According to a report by The Wall Street Journal, HP's plan will see current CEO Meg Whitman remain in charge of the business-focused company, while she would also serve as chairwoman of the consumer-focused company's board. The report claims Dion Weisler, head of HP's printing and personal systems unit, would run the new consumer company.

A report by Re/code corroborates The Journal's claims, saying HP had been trying to sell its PC and enterprise services unit for several months without finding a buyer. According to the report, HP employed Morgan Stanley to lead the sale of its consumer unit, with Dell and Lenovo allegedly contacted about the proposition. Neither company was interested, the report claims.

In addition to the sale of its PC unit, HP also attempted to sell other portions of itself, according to Re/code. It attempted to sell a server unit to IBM for $1.2 billion as well as its IT services unit to either Wipro or Infosys for $28 billion, for example.

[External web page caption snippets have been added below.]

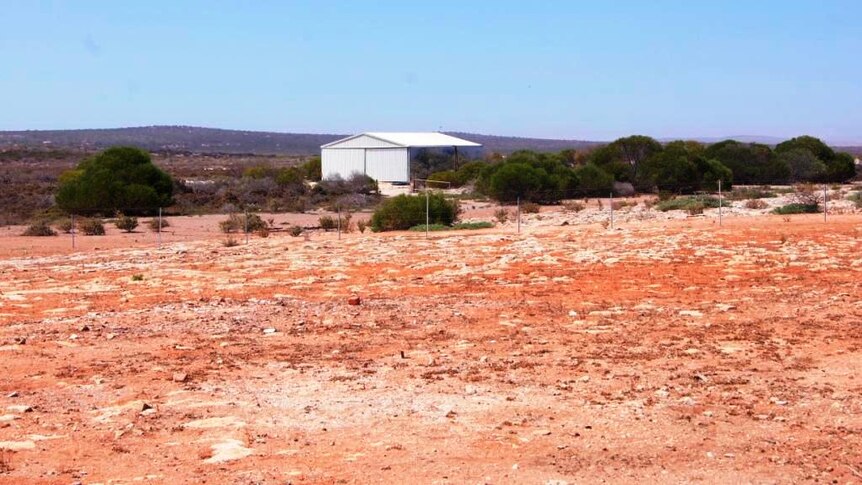 A barren red landscape with a shed in the background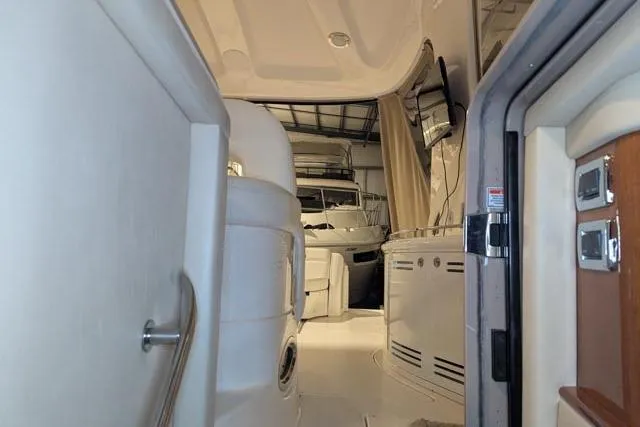 Tigress Yacht Photos Pics Interior view of 2002 Sea Ray 550 Sundancer yacht, featuring luxurious seating and modern amenities.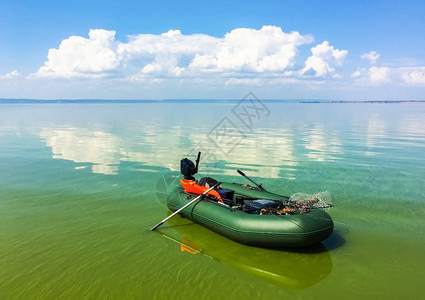 在阳光明媚的天气中在平静的河流中有充气的船橡胶孤单船在阳光阴云的天气中有充的橡皮船图片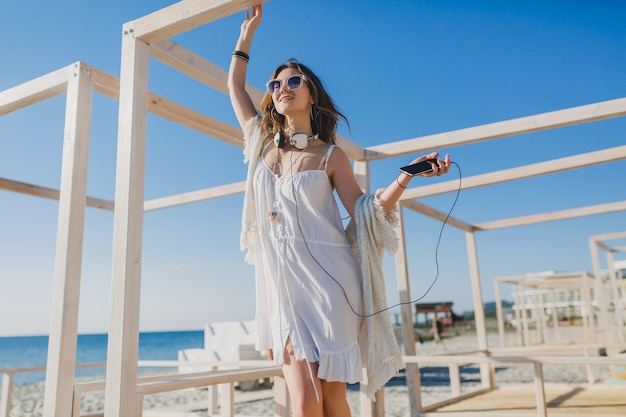 Schöne Frau im weißen Sommerkleid, das Musik auf Kopfhörern hört, die tanzen und Spaß haben, Smartphone halten, Sommerferienart-Seestrand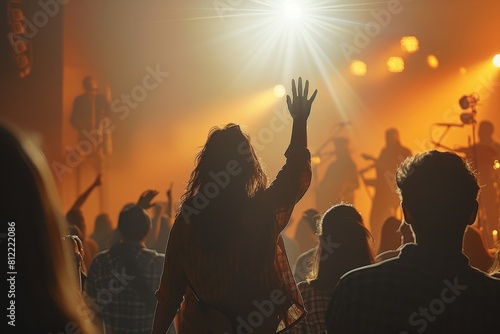 A silhouette of a dynamic crowd at a concert, with a central figure raising their hand towards a brightly lit stage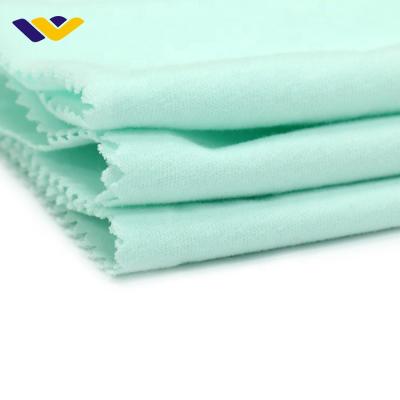 China Antistatic Cotton Fabrics Wholesale Textile Single Jersey Plain Knit Fabric For Dresses for sale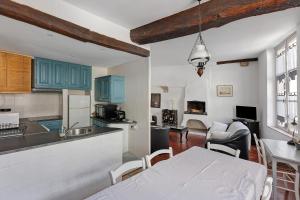 a kitchen and living room with a bed in a room at Coeur de Ville - Beaugency in Beaugency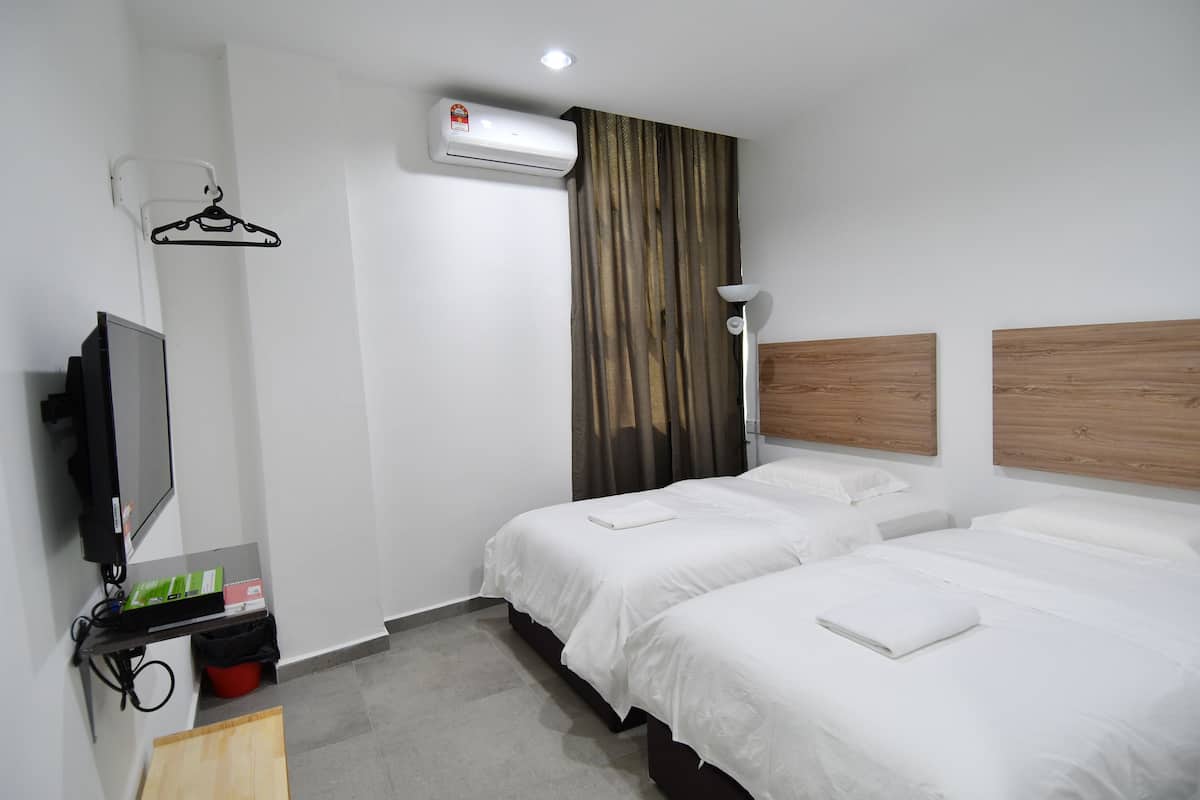deluxe twin room, 2 bedrooms, mountain view | premium bedding, desk, iron/ironing board, free wifi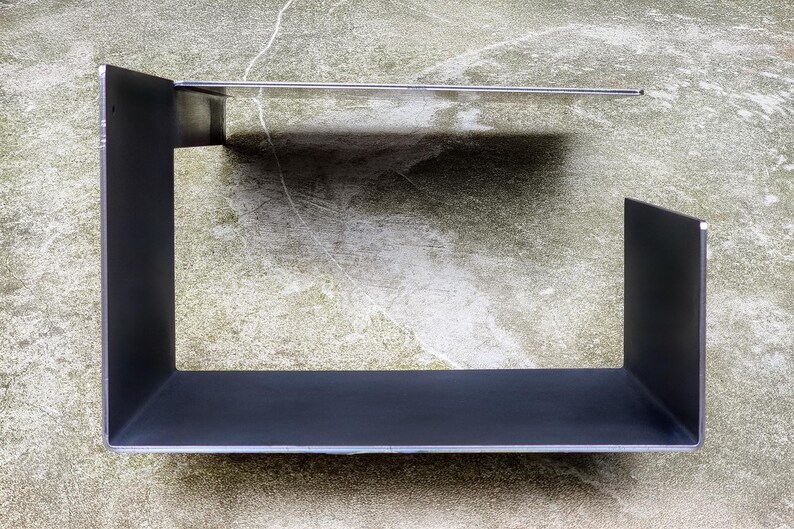 May include: A black metal shelf unit with two shelves. The shelves are rectangular and have a simple, modern design.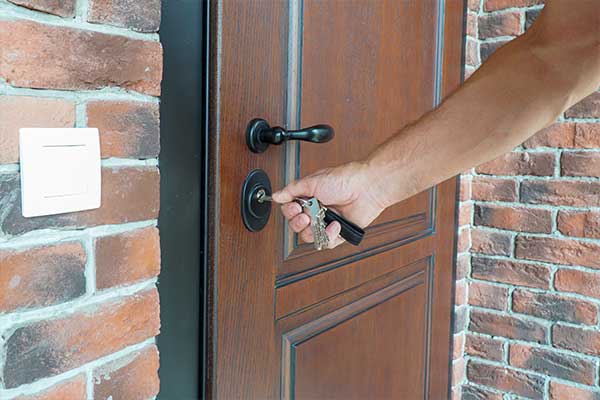 Homme insère une clé dans une serrure de porte en bois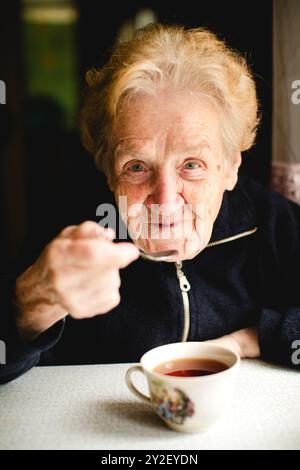 Eine ältere Frau sitzt bequem in ihrem gemütlichen Zuhause und genießt eine warme Tasse Tee. Stockfoto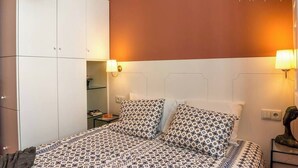 A bedroom with a bed, two bedside lamps, a wardrobe, and a nightstand with a lamp.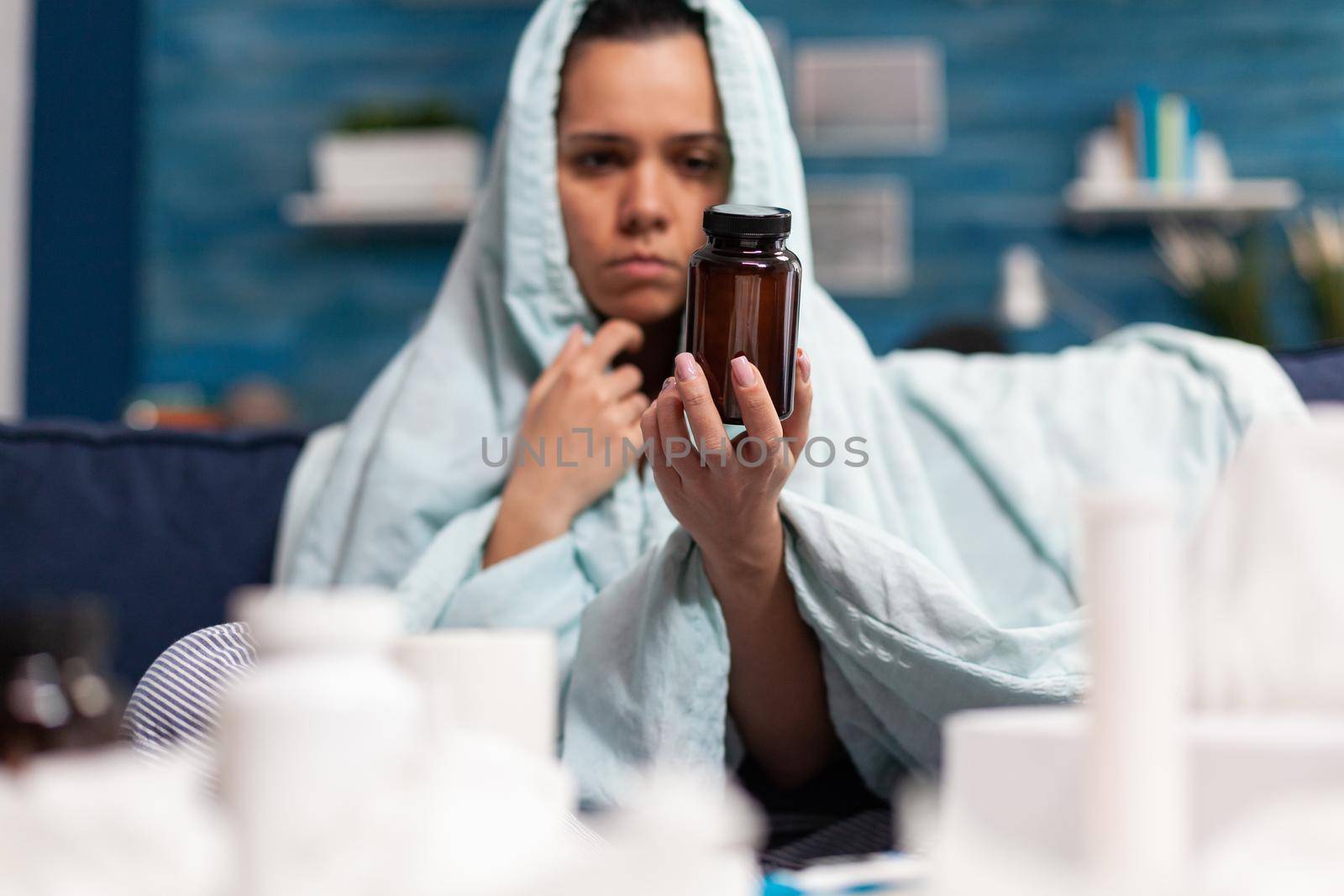 Young adult holding jar container of medicine for disease by DCStudio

HP's plans could have major ramifications for Microsoft and Google, as it creates devices using operating systems from both companies. Currently, HP makes products using Windows, Android and Chrome OS, and it's not clear if that would be changed by a split. Additionally, neither The Wall Street Journal nor Re/code report state what names the split companies would use.

Reports of HP's plan to split into two companies comes three years after its former CEO, Leo Apotheker, announced a similar plan. That plan was eventually shelved, with HP saying analysis indicated the consumer-oriented portions of its business, such as printers, helped set up its corporate-oriented business.

HP's stock took a major hit in 2011 as a result of rumors of its plan to spin off its PC group, which likely also contributed to its decision to keep its consumer business.